▶ [WORK INSTRUCTION] Print the listing in its entirety and exactly, leaving out images.

▶ [RAW DATA]
[Start of Attachment]

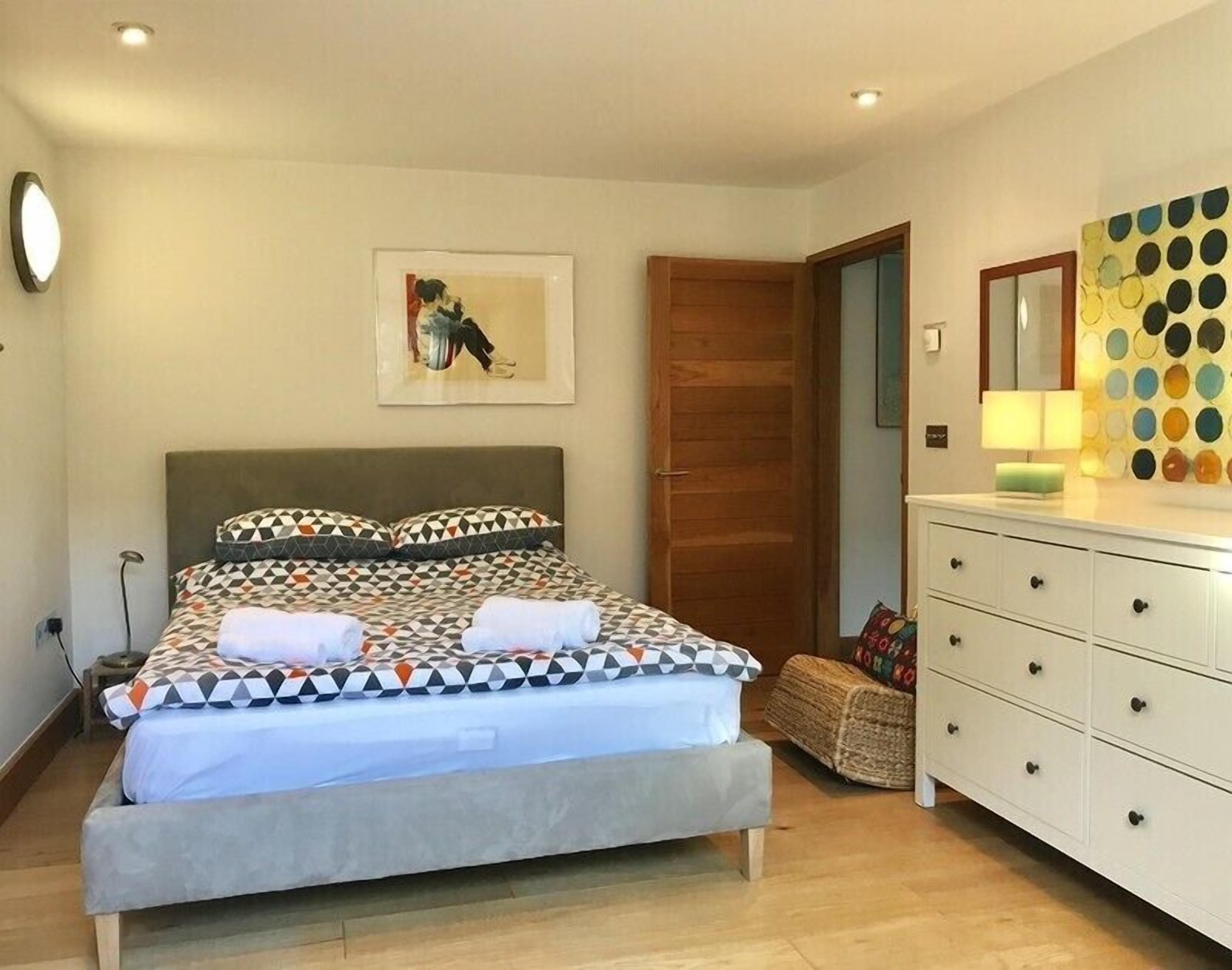 A bedroom with a bed, a dresser, a mirror, and a wall-mounted artwork.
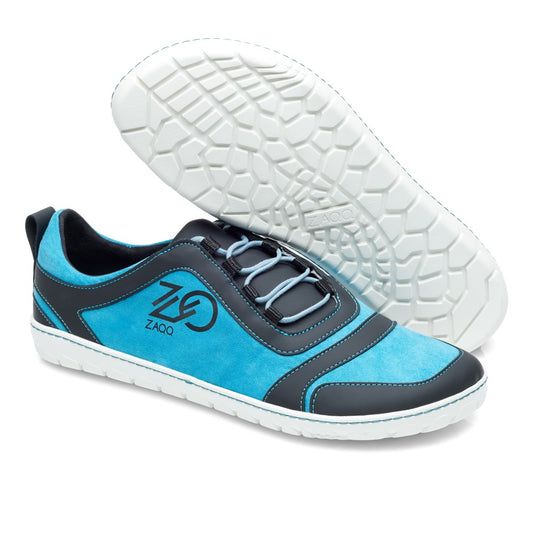 Wir präsentieren die SQILL Turquoise Black Sneaker von ZAQQ, die sich durch ein auffälliges türkis-schwarzes Farbschema mit weißen Sohlen auszeichnen. Ein Schuh steht aufrecht und zeigt deutlich das ZAQQ-Logo auf der Seite, während der andere seine strukturierte Sohle zur Schau stellt. Das Design ist für außergewöhnlichen Tragekomfort bekannt und wird durch blaue Schnürsenkel sowie kontrastierende dunkle und helle Details aufgewertet.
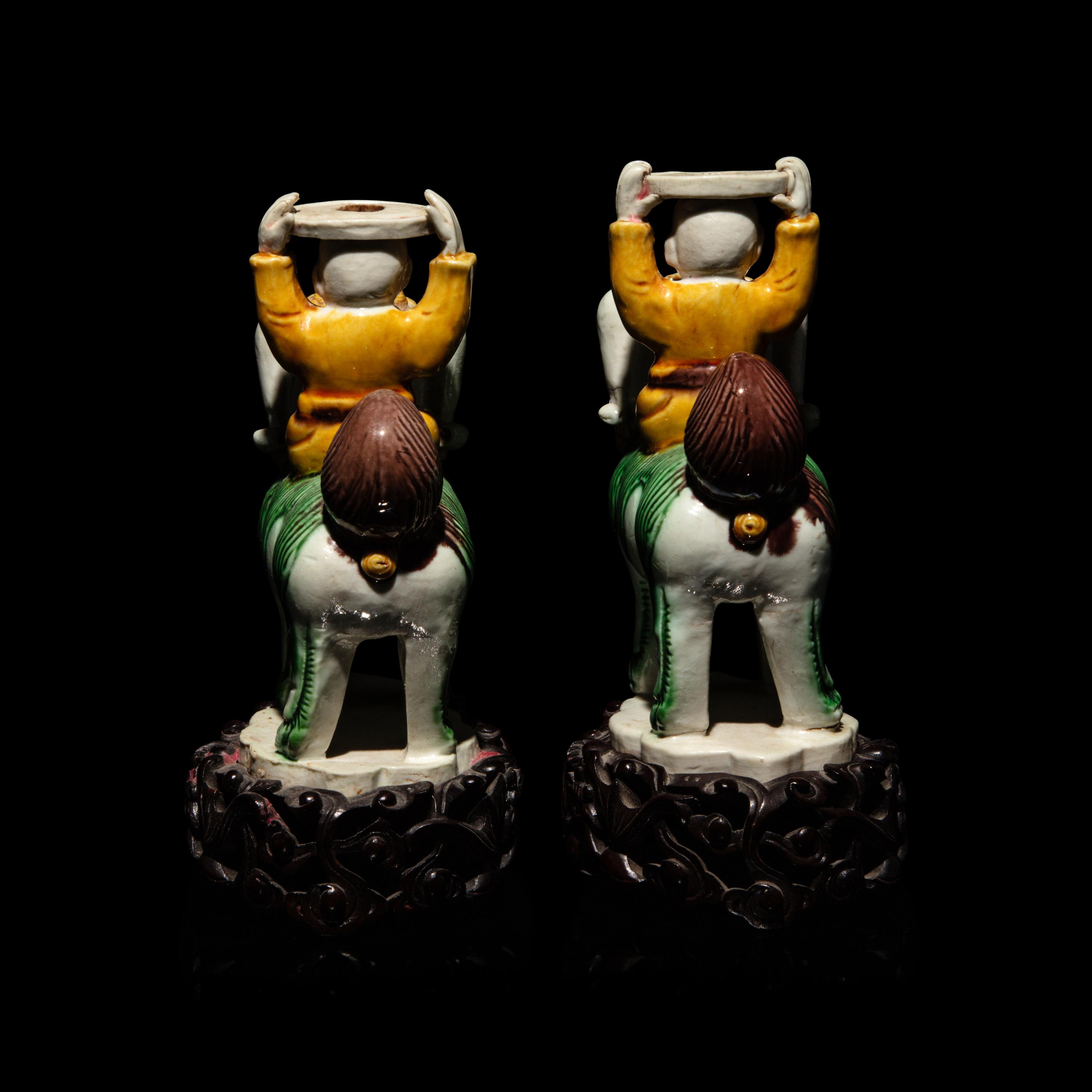 A Pair of Small Chinese Enameled Figures on Lions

[End of Attachment]

▶ [SOLUTION TO THE EXERCISE]
 A bedroom with a bed, a dresser, a mirror, and a wall-mounted artwork.
 Wir präsentieren die SQILL Turquoise Black Sneaker von ZAQQ, die sich durch ein auffälliges türkis-schwarzes Farbschema mit weißen Sohlen auszeichnen. Ein Schuh steht aufrecht und zeigt deutlich das ZAQQ-Logo auf der Seite, während der andere seine strukturierte Sohle zur Schau stellt. Das Design ist für außergewöhnlichen Tragekomfort bekannt und wird durch blaue Schnürsenkel sowie kontrastierende dunkle und helle Details aufgewertet.
 A Pair of Small Chinese Enameled Figures on Lions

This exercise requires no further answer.